Areszt za rozbój
Data publikacji 06.05.2008
Na trzy miesiące do aresztu trafił 37-letni Dariusz U. zatrzymany przez policjantów z Sulejówka. Mężczyzna napadł na głuchoniemego mieszkańca Warszawy. Podczas domowej imprezy pobił go, zadając ciosy gumowym młotkiem, a następnie ukradł trzy wiertarki i 200 złotych. Wraz z nim wpadł 22-letni Łukasz K., który pomagał w ukryciu łupów.
Jak ustalili policjanci poszkodowany spotkał się w jednym z domów w centrum Sulejówka z dwoma mężczyznami, gdzie wspólnie pili alkohol. W trakcie imprezy w jednym z biesiadników obudziła się agresja. Chwycił za gumowy młotek i uderzył go. Ten stracił przytomność. Napastnik w tym czasie, spakował trzy wiertarki, które były własnością ofiary i ukradł z portfela 200 złotych. Zdobyte "fanty" pomógł mu wynieść trzeci z biesiadujących.

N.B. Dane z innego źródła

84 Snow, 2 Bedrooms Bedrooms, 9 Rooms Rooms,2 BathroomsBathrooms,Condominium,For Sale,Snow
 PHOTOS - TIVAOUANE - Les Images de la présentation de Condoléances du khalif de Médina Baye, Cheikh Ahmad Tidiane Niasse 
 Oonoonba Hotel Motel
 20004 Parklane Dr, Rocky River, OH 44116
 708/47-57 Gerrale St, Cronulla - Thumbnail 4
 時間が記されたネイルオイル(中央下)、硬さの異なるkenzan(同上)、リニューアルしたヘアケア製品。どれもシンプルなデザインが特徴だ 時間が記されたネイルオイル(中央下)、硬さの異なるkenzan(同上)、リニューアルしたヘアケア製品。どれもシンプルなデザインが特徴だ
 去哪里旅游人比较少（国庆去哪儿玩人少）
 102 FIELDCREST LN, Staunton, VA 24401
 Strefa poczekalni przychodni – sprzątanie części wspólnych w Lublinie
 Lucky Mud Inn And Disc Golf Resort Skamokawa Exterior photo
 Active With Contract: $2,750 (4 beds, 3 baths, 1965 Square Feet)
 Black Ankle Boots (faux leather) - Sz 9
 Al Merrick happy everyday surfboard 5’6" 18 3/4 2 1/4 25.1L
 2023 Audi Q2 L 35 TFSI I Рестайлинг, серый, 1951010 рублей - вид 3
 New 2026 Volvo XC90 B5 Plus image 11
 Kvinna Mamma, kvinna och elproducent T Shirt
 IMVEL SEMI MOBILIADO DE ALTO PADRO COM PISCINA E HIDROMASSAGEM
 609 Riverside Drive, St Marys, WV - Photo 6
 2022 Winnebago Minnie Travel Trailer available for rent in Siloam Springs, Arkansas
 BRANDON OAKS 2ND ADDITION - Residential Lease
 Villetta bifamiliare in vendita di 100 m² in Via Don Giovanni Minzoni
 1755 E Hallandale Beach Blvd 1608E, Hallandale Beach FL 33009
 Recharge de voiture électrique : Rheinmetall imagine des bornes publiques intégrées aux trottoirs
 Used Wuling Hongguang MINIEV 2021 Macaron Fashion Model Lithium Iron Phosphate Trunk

Policjanci w ciągu kilku godzin ustalili personalia sprawców. Zatrzymali 37-letniego Dariusza U. mieszkańca Sulejówka, który pobił i okradł pokrzywdzonego. Wpadł również jego wspólnik 22-letni Łukasz K., który ukrył skradzione fanty.
Dariusz U. usłyszał już zarzut rozboju z niebezpiecznym narzędziem, a na wniosek prokuratury sąd aresztował go na 3 miesiące. Grozi mu od 3 do 12 lat pozbawienia wolności. Jego kompan usłyszał zarzut umyślnej "paserki".